# Priority update request page for 20.4.8



## mae (Dec 10, 2001)

There is now an active priority update request page for 20.4.8.

https://www.tivo.com/priority_20.4.8


----------



## kbmb (Jun 22, 2004)

mae said:


> There is now an active priority update request page for 20.4.8.
> 
> https://www.tivo.com/priority_20.4.8


Aren't Roamios on 20.5.2?

-Kevin


----------



## The Merg (Dec 2, 2007)

kbmb said:


> Aren't Roamios on 10.5.2?
> 
> -Kevin


No. I believe the last update was 20.4.5a

- Merg

Sent from my iPhone using Tapatalk


----------



## kbmb (Jun 22, 2004)

The Merg said:


> No. I believe the last update was 20.4.5a
> 
> - Merg
> 
> Sent from my iPhone using Tapatalk


My Roamios are on 20.5.2a

-Kevin


----------



## The Merg (Dec 2, 2007)

kbmb said:


> My Roamios are on 20.5.2a
> 
> -Kevin


LOL!

Okay, that's what I tried to type. I guess you had a typo too as you originally had 10.x

- Merg

Sent from my iPhone using Tapatalk


----------



## kbmb (Jun 22, 2004)

The Merg said:


> LOL!
> 
> Okay, that's what I tried to type. I guess you had a typo too as you originally had 10.x
> 
> ...


Yeah....getting my OS X and TiVo updates mixed up 

Anyway....what's with the priority page saying 20.4.8?

-Kevin


----------



## NJ Webel (Dec 8, 2004)

kbmb said:


> Anyway....what's with the priority page saying 20.4.8?
> 
> -Kevin


It's an incorrect reference. Here TivoMargret talks about it (when we moved to 20.5.2): http://www.tivocommunity.com/tivo-vb/showthread.php?p=10568101#post10568101


----------



## kbmb (Jun 22, 2004)

NJ Webel said:


> It's an incorrect reference. Here TivoMargret talks about it (when we moved to 20.5.2): http://www.tivocommunity.com/tivo-vb/showthread.php?p=10568101#post10568101


So does the Priority page not even load if there isn't a signup? So just by having this page, even with the incorrect reference, does that mean there is a new release coming?

-Kevin


----------



## ADG (Aug 20, 2003)

Incorrect page title / update number aside, the fact that the page is live should indicate there is a new update coming, would you all agree?


----------



## NJ Webel (Dec 8, 2004)

ADG said:


> Incorrect page title / update number aside, the fact that the page is live should indicate there is a new update coming, would you all agree?

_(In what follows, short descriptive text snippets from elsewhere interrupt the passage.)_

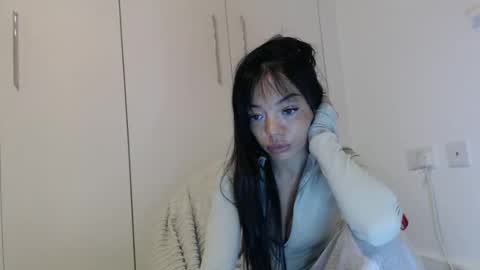 esmay 19 online show from November 8, 9:29 pm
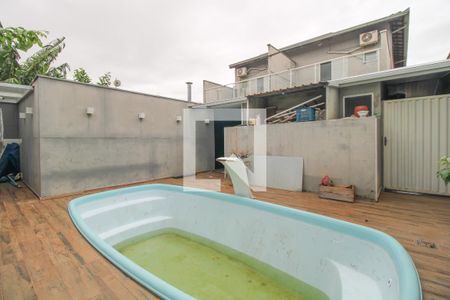 Casa à venda com 200m², 4 quartos e 3 vagas Casa à venda com 200m², 4 quartos e 3 vagasÁrea Externa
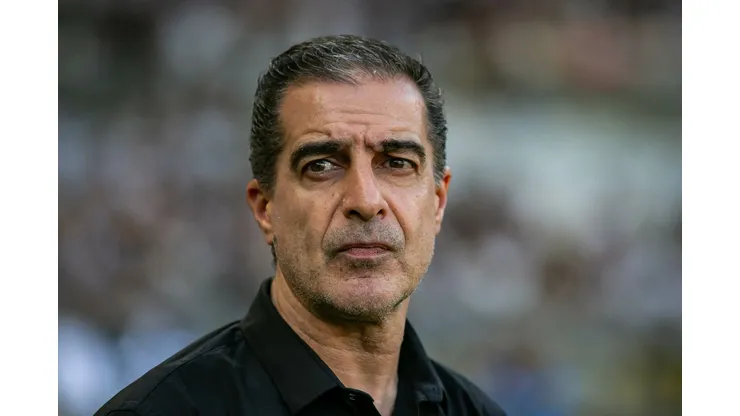 Renato Paiva durante confronto contra o Atlético-MG no Brasileirão 2025.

Historically that's been the case. Live page = update forthcoming.


----------



## raqball (Feb 23, 2015)

I plugged in my TSN so I guess I'll see...

I would think a live page = new update regardless of the incorrect version # but time will tell I guess..


----------



## JoeKustra (Dec 7, 2012)

Deja Vu: http://www.tivocommunity.com/tivo-vb/showthread.php?t=528073&highlight=20


----------



## mrizzo80 (Apr 17, 2012)

I think this page has been up since late September.

http://www.tivocommunity.com/tivo-vb/showthread.php?t=532372


----------



## CoxInPHX (Jan 14, 2011)

Installing an update right now, on my RoamioPro, I assume it will be 20.5.4


----------



## CoxInPHX (Jan 14, 2011)

CoxInPHX said:


> Installing an update right now, on my RoamioPro, I assume it will be 20.5.4


Odd, the update is 20.5.2b.RC1 and the Premiere did not get the update, yet.

No Guide Logos yet


----------



## Dan203 (Apr 17, 2000)

I've got 20.5.4 on all my Minis now, but not on either Roamio.


----------



## raqball (Feb 23, 2015)

My Roamio OTA undated to 20.5.2b.RC1-USA-6-846

No guide logos either and I don't see anything else that is obviously a change.


----------



## kbmb (Jun 22, 2004)

raqball said:


> My Roamio OTA undated to 20.5.2b.RC1-USA-6-846
> 
> No guide logos either and I don't see anything else that is obviously a change.


From my experience in the beta programs.....doesn't RC1 = Release Candidate 1?

Doesn't sound like it should be released to the public?!?

-Kevin


----------



## CoxInPHX (Jan 14, 2011)

kbmb said:


> From my experience in the beta programs.....doesn't RC1 = Release Candidate 1?
> 
> Doesn't sound like it should be released to the public?!?


Yes RC = Release Candidate, but the Minis also received an RC6 
Not sure why TiVo is pushing an RC to production units.


----------



## JoeKustra (Dec 7, 2012)

raqball said:


> My Roamio OTA undated to 20.5.2b.RC1-USA-6-846
> 
> No guide logos either and I don't see anything else that is obviously a change.


It arrived on my Roamio. The mail msg indicate some 1P update. Nothing on the guide. No change in two Premieres on priority list.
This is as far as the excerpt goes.